How have all the factors above been brought together to estimate a fair value?
  • The assumed bearish price target for Bank Mandiri (Persero) is IDR3754.21, which represents two standard deviations below the consensus price target of IDR5899.41. This valuation is based on what can be assumed as the expectations of Bank Mandiri (Persero)'s future earnings growth, profit margins and other risk factors from analysts on the more bearish end of the spectrum.
  • However, there is a degree of disagreement amongst analysts, with the most bullish reporting a price target of IDR7800.0, and the most bearish reporting a price target of just IDR3600.0.
  • In order for you to agree with the bearish analysts, you'd need to believe that by 2028, revenues will be IDR178018.8 billion, earnings will come to IDR55765.6 billion, and it would be trading on a PE ratio of 9.5x, assuming you use a discount rate of 14.6%.
  • Given the current share price of IDR4400.0, the bearish analyst price target of IDR3754.21 is 17.2% lower.
  • We always encourage you to reach your own conclusions though. So sense check these analyst numbers against your own assumptions and expectations based on your understanding of the business and what you believe is probable.

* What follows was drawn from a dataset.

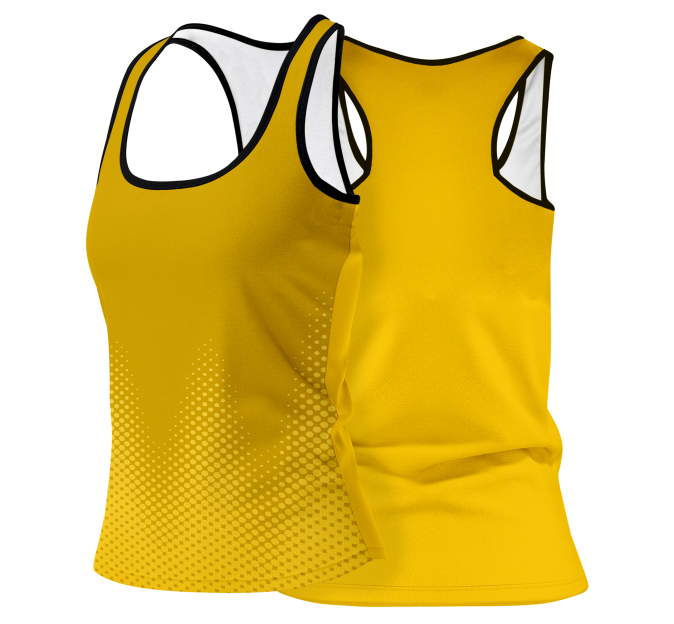 Camiseta pádel mujer tirantes sublimada modelo puntos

How well do narratives help inform your perspective?

Disclaimer

AnalystLowTarget is a tool utilizing a Large Language Model (LLM) that ingests data on consensus price targets, forecasted revenue and earnings figures, as well as the transcripts of earnings calls to produce qualitative analysis. The narratives produced by AnalystLowTarget are general in nature and are based solely on analyst data and publicly-available material published by the respective companies. These scenarios are not indicative of the company's future performance and are exploratory in nature. Simply Wall St has no position in the company(s) mentioned. Simply Wall St may provide the securities issuer or related entities with website advertising services for a fee, on an arm's length basis. These relationships have no impact on the way we conduct our business, the content we host, or how our content is served to users. The price targets and estimates used are consensus data, and do not constitute a recommendation to buy or sell any stock, and they do not take account of your objectives, or your financial situation. Note that AnalystLowTarget's analysis may not factor in the latest price-sensitive company announcements or qualitative material.